Out to the west was Chappel Island, the home of the biggest Tiger snakes in Australia. The sea became mirror smooth as we quietly paddled on to Trousers Point. At one stage we had a kayak race with only hands to brreak the monotony. Everything was something of an anti climax after crossing from Deal to Flinders Island.

We stopped at Trousers Point and had a swim in the crystal clear water. Jamie even practised walking on water. We had many pleasant memories from previous trips of this great camping spot. Matt tried to creep up on Ian who had lagged behind taking video.

Crossing from trousers Point to Cape Barren Island would have taken ages except Matt and Phil decided to slip stream Jamie and I in the double. This was too much of a challenge for us and we eventually broke away from them. Landing just below the new shop on Cape Barren we couldn't see the others, particularly Ian who had been videoing a pod of Dolphins.

The pies were quickly comsumed as we waited for the others to catch up. Eventually we could just make out some small dots way in the distance. We tried to convince the shop keeper to tell the others that they were out of pies but it didn't work out.The others also stocked up on some carbohydrates from the shop, mainly pies, icecream and coke..

We could hardly believe how calm it was rounding Cape Sir John, last time we were here there were huge breaking waves everywhere, in fact some of the group took their kayaks around the cape by road. The channel between Preservation Island and Cape Barren Island has strong tidal currents and we ferry glided across to the island.

The shack on Preservation Island is also one of well known haunts. It has comfortable bunks, water and a sheltered outlook. We have met the owners a number of times and they don't mind us using the shack when they are away provided everything is left as it was.

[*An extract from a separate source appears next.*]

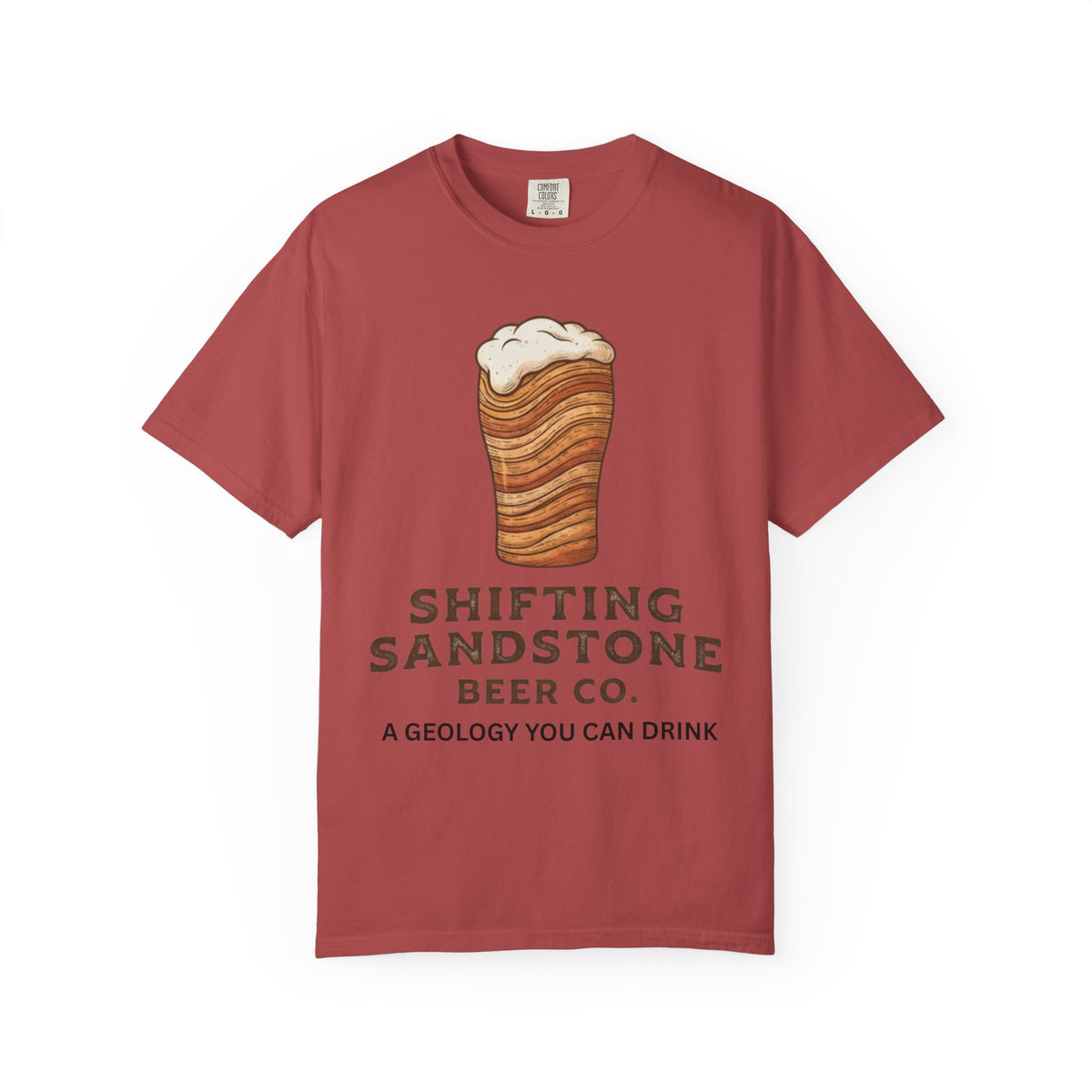 Color: Crimson | Shifting Sandstone Beer Co. Unisex Garment-Dyed Tee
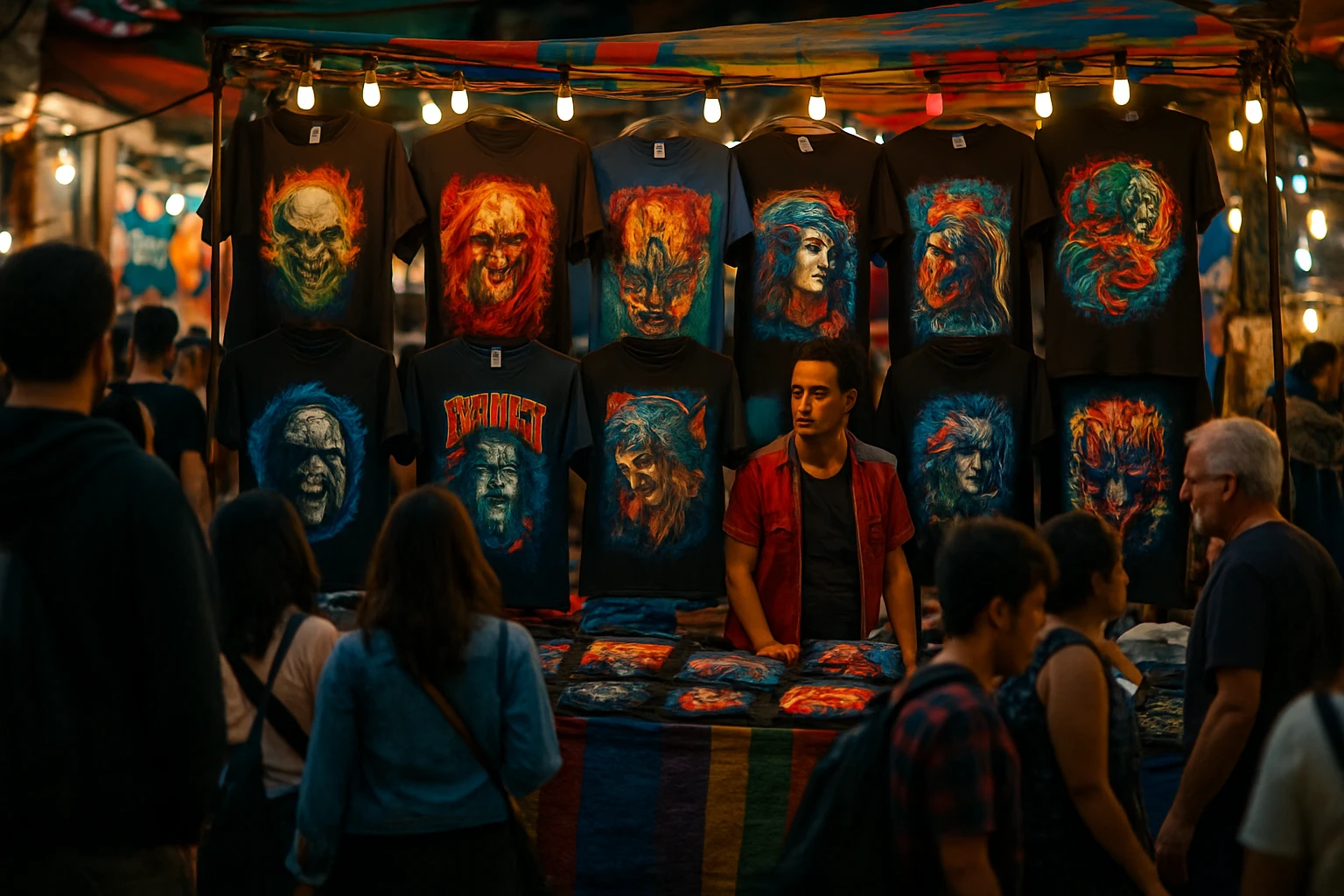 A vibrant street market scene with a bustling crowd, where a vendor displays a collection of graphic tees featuring vivid artwork, band logos, and bold statements hanging on a colorful stall under string lights.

Some off us walked over to the signal fire bulit in 1796 by the survivors of the wreck of the Sydney Cove. Their ship had sprung a leak around the south west coast of Tasmania while enroute from India to Sydney. In those days Bass Strait was unkown. The ship lurched its way up the east coast with lascars manning the pumps. Eventually the ship was run aground to stop it from sinking near Preservation Island. The crew and cargo were got ashore. Two longboats set off to get help but only a couple of the crew made it back to Sydney. The rescue journey prompted the futher exploration of the area resulting in the discovery of Bass Strait and the rich sealing grounds around Tasmania.